Task:
Please copy, exactly as they appear below, the lines from the one containing "Adefovir in candidates" through the one containing "day / 5 minutes.".
======== Material for this task ========
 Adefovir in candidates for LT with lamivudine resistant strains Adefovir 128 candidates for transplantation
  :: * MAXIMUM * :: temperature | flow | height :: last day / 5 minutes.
========
======== Material for this task ========
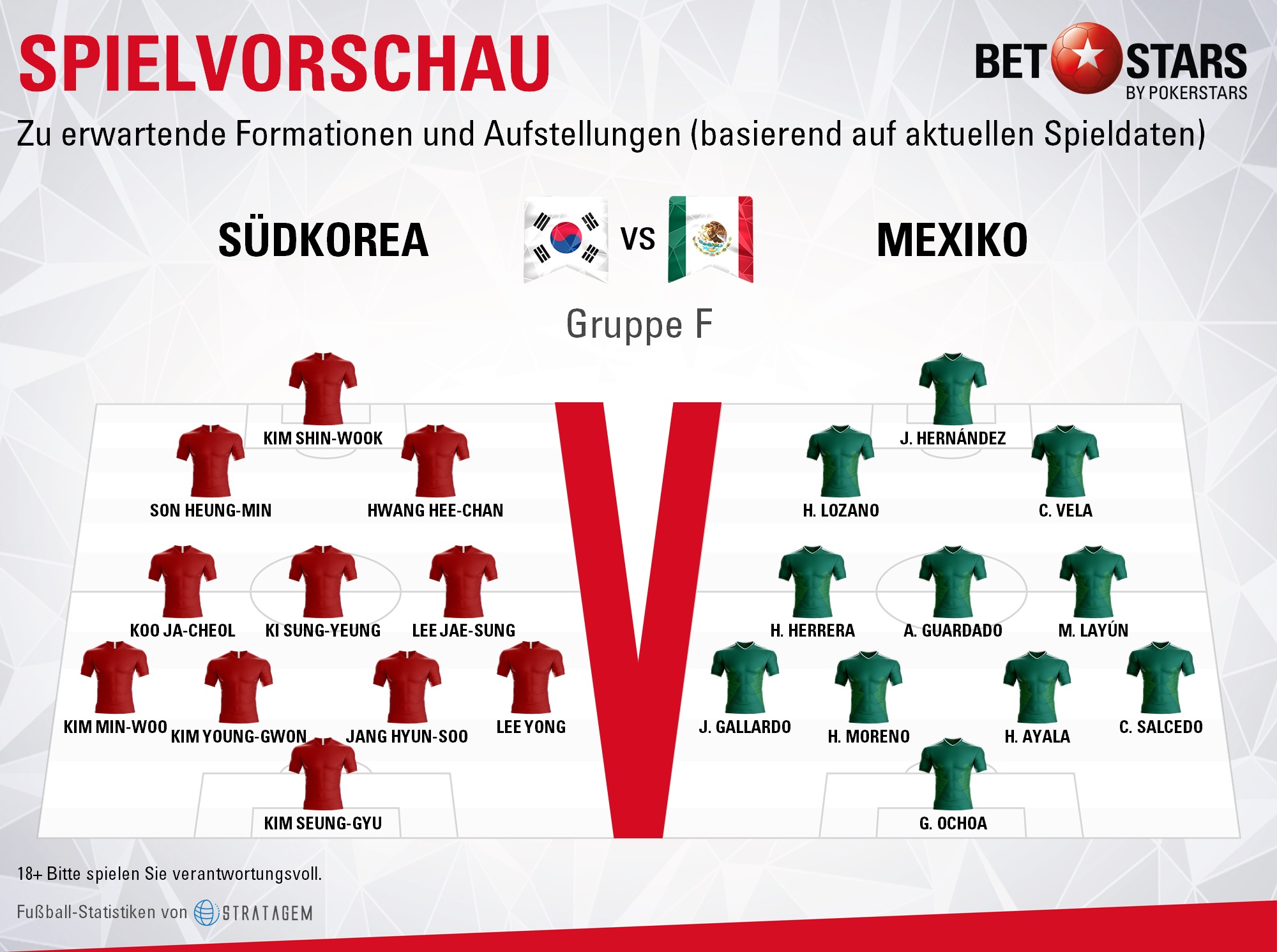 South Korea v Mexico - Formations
========
Task answer:
 Adefovir in candidates for LT with lamivudine resistant strains Adefovir 128 candidates for transplantation
  :: * MAXIMUM * :: temperature | flow | height :: last day / 5 minutes.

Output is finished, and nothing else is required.